This Company’s Tech May Be Key to Igniting the Future of Fusion Power

Advocates of nuclear fusion have long envisioned generating virtually boundless energy on Earth by replicating the sun’s power source.

Today, the primary obstacle is ensuring that fusion power plants produce a net energy gain. The second challenge lies in securing sufficient fuel for sustained operation.

Many fusion reactors are engineered to operate on a mixture of two hydrogen isotopes: deuterium and tritium. While deuterium, found abundantly in seawater, is readily available, tritium is incredibly rare and must be artificially produced.

“Globally, there are only around 20 kilograms of tritium,” Kyle Schiller, CEO of Marathon Fusion, revealed to TechCrunch. A single commercial fusion power plant would require several kilograms just for startup, implying the world has enough tritium for a dozen plants at best.

However, his previously undisclosed startup believes it has a solution to this critical fuel shortage.

Currently, the world’s tritium supply is a byproduct of a limited number of nuclear fission plants, the type of nuclear power harnessed for energy since the mid-20th century.

Assuming scientists can achieve viable fusion power on Earth, initial fusion plants will rely on this existing supply.

Future reactors will then depend on the first generation of fusion power plants, which will be designed to breed additional fuel.

“Deploying fusion devices is a doubling process,” explained Adam Rutkowski, Marathon’s CTO. “You need to breed enough tritium to sustain the reactor’s consumption while also producing excess tritium to start up the next reactor.”

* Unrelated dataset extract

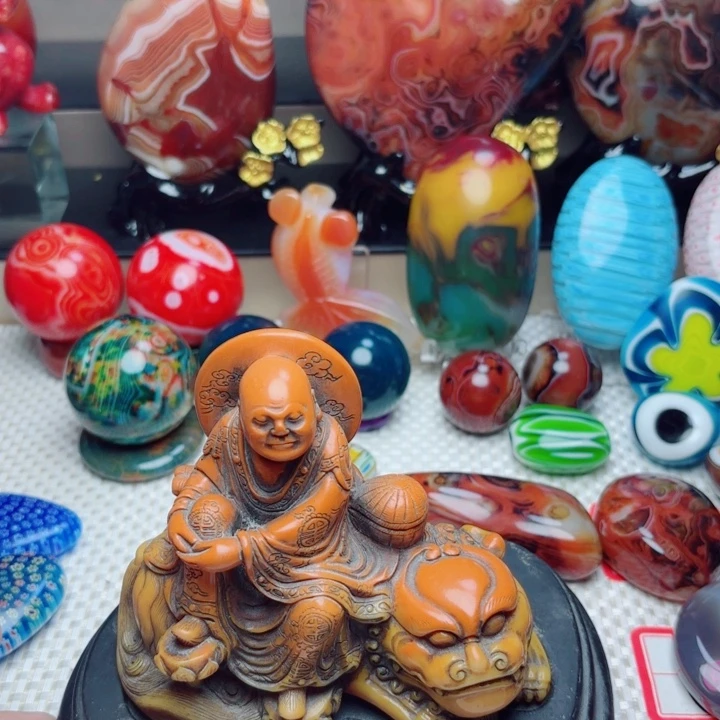 放***刀玛瑙/玉髓未镶嵌珠宝半成品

This breeding occurs when neutrons released during fusion reactions collide with a lithium blanket. The impact generates helium and tritium, which are subsequently extracted from the reactor core for filtration.

A portion of the tritium is re-injected into the reactor, while the remaining portion is reserved as fuel for future reactors.

Existing equipment for this filtration process is suitable for experimental purposes, but it lacks the throughput required for commercial-scale power plants due to their short operational durations.

To meet the demands of continuous operation, filtration systems will need “several orders of magnitude improvement,” according to Schiller.